Due to this limitation, we must categorize models as either trainable or non-trainable. If any MFC involves training the model, the model is categorized as trainable. For example, in PPO, the actor and critic are trainable, while the reward and reference models are not.
For non-trainable models, we can safely reallocate their parameters to
CPU memory (i.e., offloading). The parameters will be asynchronously
transferred back (i.e., overlapping computation and communication) to
GPU memory during the next forward pass. When multiple inference
requests are made for the same role, each request will have its own copy
of the parameters and will be offloaded independently. Offloading is
implemented in the async_offload
method in ReaLModel
, which is
called in the __handle_one_rpc_hook
method in ModW.
For trainable models, if there is also an inference or generate MFC
called upon this role (e.g., Actor and Critic in PPO), we can adopt
different parallel strategies for different MFCs and dynamically
reallocate parameters to reduce communication overhead. The training MFC
holds its own parameters in GPU memory, while non-training MFCs only
hold empty placeholders. When a non-training MFC is requested, the MasW
will append a pre-hook to the request containing all the information for
reallocating the parameters, and a post-hook to revert this operation.

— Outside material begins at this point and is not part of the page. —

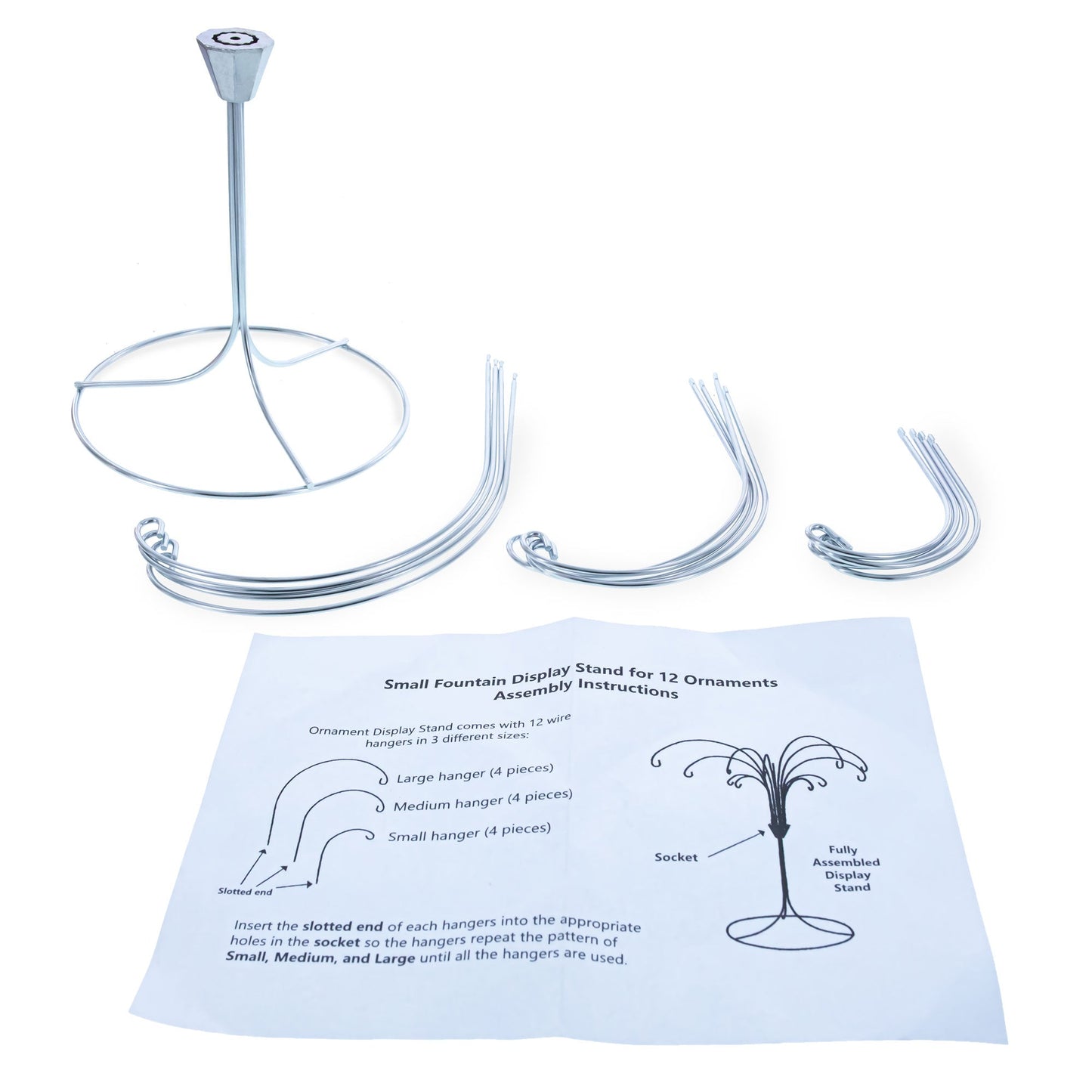 12-Arm Spiral Fountain Brass Silver Metal Ornament Stand Display 11.5 Inches (Taiwan)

The reallocation is implemented in the __handle_one_rpc_hook
method
in ModW. Note that since the trainable parameters cannot be released,
the reverse reallocation essentially drops the parameters used for
inference or generation.
Note
The above limitation of PyTorch is not an intrinsic problem. We could re-implement the optimizer and use parameter names as keys. However, this would require modifying Megatron and DeepSpeed correspondingly, which is not a trivial task.